Poin penting
- Community Based Tourism (CBT) meningkatkan pendapatan masyarakat lokal dan menciptakan lapangan kerja baru.
- CBT memperkuat dan melestarikan budaya serta tradisi lokal, seperti terlihat di Kampung Naga dan Desa Wae Rebo.
- Kolaborasi antara masyarakat, pemerintah, dan swasta, seperti bantuan TJSL ITDC, penting untuk keberhasilan dan keberlanjutan CBT.
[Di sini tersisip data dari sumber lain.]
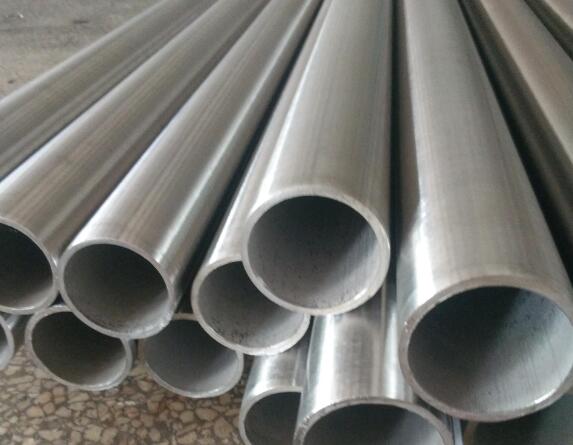 铁山港321不锈钢管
COMMUNITY Based Tourism (CBT) atau Pariwisata Berbasis Masyarakat adalah konsep pariwisata yang menempatkan komunitas lokal sebagai aktor utama dalam pengelolaan, perencanaan, dan pengembangan pariwisata di daerah mereka. Dengan ciri-ciri partisipasi aktif masyarakat, distribusi keuntungan ekonomi yang adil, pelestarian budaya, dan keberlanjutan lingkungan, CBT menawarkan pendekatan yang holistik dan inklusif dalam memajukan sektor pariwisata.
Manfaat CBT sangat jelas. Pertama, model ini mampu meningkatkan pendapatan dan taraf hidup masyarakat lokal. Misalnya, di Desa Wisata Penglipuran, Bali, pariwisata yang dikelola secara mandiri oleh masyarakat setempat telah berhasil meningkatkan ekonomi desa sekaligus menjaga keaslian budaya lokal. Kedua, CBT menciptakan lapangan kerja baru yang mendorong keterlibatan komunitas dalam berbagai aspek pariwisata, mulai dari pemandu wisata hingga pengelolaan homestay.
Selain manfaat ekonomi, CBT juga memperkuat budaya dan tradisi lokal. Kampung Naga di Jawa Barat adalah contoh bagaimana pariwisata dapat dijalankan tanpa mengorbankan nilai-nilai budaya yang telah diwariskan secara turun-temurun. Desa ini tetap mempertahankan tradisi dan budaya unik mereka sambil membuka diri bagi wisatawan yang ingin merasakan kehidupan adat yang autentik.
Namun, implementasi CBT bukan tanpa tantangan. Kekurangan dana dan sumber daya, kurangnya keahlian dan pelatihan, serta persaingan dengan pariwisata massal menjadi beberapa hambatan utama. Untuk mengatasi ini, dukungan dari berbagai pihak, termasuk pemerintah dan sektor swasta, sangat diperlukan. Inisiatif ITDC dalam menyalurkan bantuan tempat sampah ke tiga desa adat di kawasan The Nusa Dua, Bali, sebagai bagian dari program Tanggung Jawab Sosial & Lingkungan (TJSL) adalah contoh konkret bagaimana kolaborasi dapat membantu meningkatkan keteraturan dan efektivitas pengelolaan sampah di desa-desa penyangga.
Dukungan berkelanjutan seperti yang dilakukan ITDC sejak 2011 menunjukkan bahwa kemitraan strategis antara masyarakat, pemerintah, dan swasta dapat memperkuat basis CBT. Bantuan semacam ini tidak hanya meningkatkan kualitas lingkungan tetapi juga memupuk rasa memiliki dan tanggung jawab masyarakat terhadap pengelolaan pariwisata.
Secara keseluruhan, CBT merupakan model pariwisata yang berkelanjutan dan bermanfaat bagi masyarakat lokal, lingkungan, dan budaya. Dengan pengelolaan yang baik dan dukungan yang memadai, CBT dapat menjadi alat efektif untuk meningkatkan taraf hidup masyarakat dan melestarikan budaya serta tradisi lokal. Oleh karena itu, mendorong dan mendukung pengembangan CBT di berbagai daerah di Indonesia adalah langkah yang sangat penting dalam mewujudkan pariwisata yang berkelanjutan dan inklusif.